### PROBLEM STATEMENT
Write out only the final part of the records below. It begins with the line that contains "Mercure Tottori Daisen" and ends with the last line.

### RAW DATA
◇ ◇ ◇ ◇ ◇ ◇ ◇

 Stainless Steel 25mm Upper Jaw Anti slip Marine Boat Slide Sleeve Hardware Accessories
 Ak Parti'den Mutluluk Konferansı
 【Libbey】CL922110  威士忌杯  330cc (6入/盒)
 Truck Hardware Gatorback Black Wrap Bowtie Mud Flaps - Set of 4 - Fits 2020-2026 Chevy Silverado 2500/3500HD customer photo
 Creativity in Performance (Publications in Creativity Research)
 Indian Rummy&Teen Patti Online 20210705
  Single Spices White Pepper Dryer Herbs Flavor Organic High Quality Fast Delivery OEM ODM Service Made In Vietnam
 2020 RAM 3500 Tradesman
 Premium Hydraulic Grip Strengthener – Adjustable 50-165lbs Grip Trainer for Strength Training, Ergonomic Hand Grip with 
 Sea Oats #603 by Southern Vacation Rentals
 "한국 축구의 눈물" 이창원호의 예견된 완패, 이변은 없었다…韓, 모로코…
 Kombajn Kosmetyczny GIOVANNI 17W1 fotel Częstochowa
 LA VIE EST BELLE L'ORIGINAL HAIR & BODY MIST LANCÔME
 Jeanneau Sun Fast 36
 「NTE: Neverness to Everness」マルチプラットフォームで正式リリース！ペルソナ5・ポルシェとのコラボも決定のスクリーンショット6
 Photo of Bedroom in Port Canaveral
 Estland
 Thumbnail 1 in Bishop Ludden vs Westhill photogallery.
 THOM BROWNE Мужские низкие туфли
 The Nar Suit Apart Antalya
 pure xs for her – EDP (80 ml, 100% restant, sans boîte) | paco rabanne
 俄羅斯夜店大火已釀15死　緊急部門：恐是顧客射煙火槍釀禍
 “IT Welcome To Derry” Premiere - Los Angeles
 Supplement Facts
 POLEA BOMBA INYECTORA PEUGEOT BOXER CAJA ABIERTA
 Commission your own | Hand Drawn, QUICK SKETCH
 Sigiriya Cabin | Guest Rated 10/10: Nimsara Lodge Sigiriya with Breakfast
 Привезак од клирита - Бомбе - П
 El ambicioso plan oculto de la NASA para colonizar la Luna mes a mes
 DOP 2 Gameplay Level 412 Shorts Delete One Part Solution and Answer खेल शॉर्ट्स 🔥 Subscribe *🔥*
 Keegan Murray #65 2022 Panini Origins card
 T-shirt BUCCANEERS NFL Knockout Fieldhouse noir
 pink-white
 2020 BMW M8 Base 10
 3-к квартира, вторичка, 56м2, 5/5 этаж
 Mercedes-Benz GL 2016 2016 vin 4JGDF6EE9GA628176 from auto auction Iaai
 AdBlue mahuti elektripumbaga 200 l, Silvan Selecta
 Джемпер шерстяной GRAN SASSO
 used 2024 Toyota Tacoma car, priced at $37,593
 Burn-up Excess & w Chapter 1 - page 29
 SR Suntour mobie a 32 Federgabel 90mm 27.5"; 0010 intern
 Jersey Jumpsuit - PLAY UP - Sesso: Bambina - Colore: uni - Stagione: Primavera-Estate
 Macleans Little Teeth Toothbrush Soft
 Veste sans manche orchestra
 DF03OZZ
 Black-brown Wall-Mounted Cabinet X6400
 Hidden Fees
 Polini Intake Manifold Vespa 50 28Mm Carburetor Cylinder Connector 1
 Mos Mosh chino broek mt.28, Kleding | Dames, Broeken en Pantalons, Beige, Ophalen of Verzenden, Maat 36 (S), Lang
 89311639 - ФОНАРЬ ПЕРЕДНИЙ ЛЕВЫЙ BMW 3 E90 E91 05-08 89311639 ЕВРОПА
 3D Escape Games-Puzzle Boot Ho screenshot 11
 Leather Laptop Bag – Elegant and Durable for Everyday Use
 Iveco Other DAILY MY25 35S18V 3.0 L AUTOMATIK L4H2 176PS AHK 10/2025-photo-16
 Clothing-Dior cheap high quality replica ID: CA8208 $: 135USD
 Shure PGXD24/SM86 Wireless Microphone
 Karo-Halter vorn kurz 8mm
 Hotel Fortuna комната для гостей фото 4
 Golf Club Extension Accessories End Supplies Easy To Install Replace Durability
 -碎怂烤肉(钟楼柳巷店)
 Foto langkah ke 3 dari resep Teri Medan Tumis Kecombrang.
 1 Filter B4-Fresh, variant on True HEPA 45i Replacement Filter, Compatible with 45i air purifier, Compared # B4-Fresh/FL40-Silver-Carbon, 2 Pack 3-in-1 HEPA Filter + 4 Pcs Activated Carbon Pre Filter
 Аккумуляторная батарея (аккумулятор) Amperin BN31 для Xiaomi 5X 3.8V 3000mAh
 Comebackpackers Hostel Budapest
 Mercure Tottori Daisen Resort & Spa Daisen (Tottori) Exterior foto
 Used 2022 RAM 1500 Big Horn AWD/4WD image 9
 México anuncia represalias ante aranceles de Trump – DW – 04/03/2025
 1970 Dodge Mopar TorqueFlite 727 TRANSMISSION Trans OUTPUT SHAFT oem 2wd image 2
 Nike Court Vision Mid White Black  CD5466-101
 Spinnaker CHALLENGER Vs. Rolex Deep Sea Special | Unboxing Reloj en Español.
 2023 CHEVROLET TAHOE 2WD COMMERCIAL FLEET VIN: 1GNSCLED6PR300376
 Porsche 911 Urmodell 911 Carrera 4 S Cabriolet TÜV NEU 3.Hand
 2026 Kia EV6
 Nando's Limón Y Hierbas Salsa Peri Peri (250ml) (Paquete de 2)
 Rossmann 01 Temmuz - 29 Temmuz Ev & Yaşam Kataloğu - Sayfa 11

◇ ◇ ◇ ◇ ◇ ◇ ◇

### RESPONSE FOR THIS EXERCISE
 Mercure Tottori Daisen Resort & Spa Daisen (Tottori) Exterior foto
 Used 2022 RAM 1500 Big Horn AWD/4WD image 9
 México anuncia represalias ante aranceles de Trump – DW – 04/03/2025
 1970 Dodge Mopar TorqueFlite 727 TRANSMISSION Trans OUTPUT SHAFT oem 2wd image 2
 Nike Court Vision Mid White Black  CD5466-101
 Spinnaker CHALLENGER Vs. Rolex Deep Sea Special | Unboxing Reloj en Español.
 2023 CHEVROLET TAHOE 2WD COMMERCIAL FLEET VIN: 1GNSCLED6PR300376
 Porsche 911 Urmodell 911 Carrera 4 S Cabriolet TÜV NEU 3.Hand
 2026 Kia EV6
 Nando's Limón Y Hierbas Salsa Peri Peri (250ml) (Paquete de 2)
 Rossmann 01 Temmuz - 29 Temmuz Ev & Yaşam Kataloğu - Sayfa 11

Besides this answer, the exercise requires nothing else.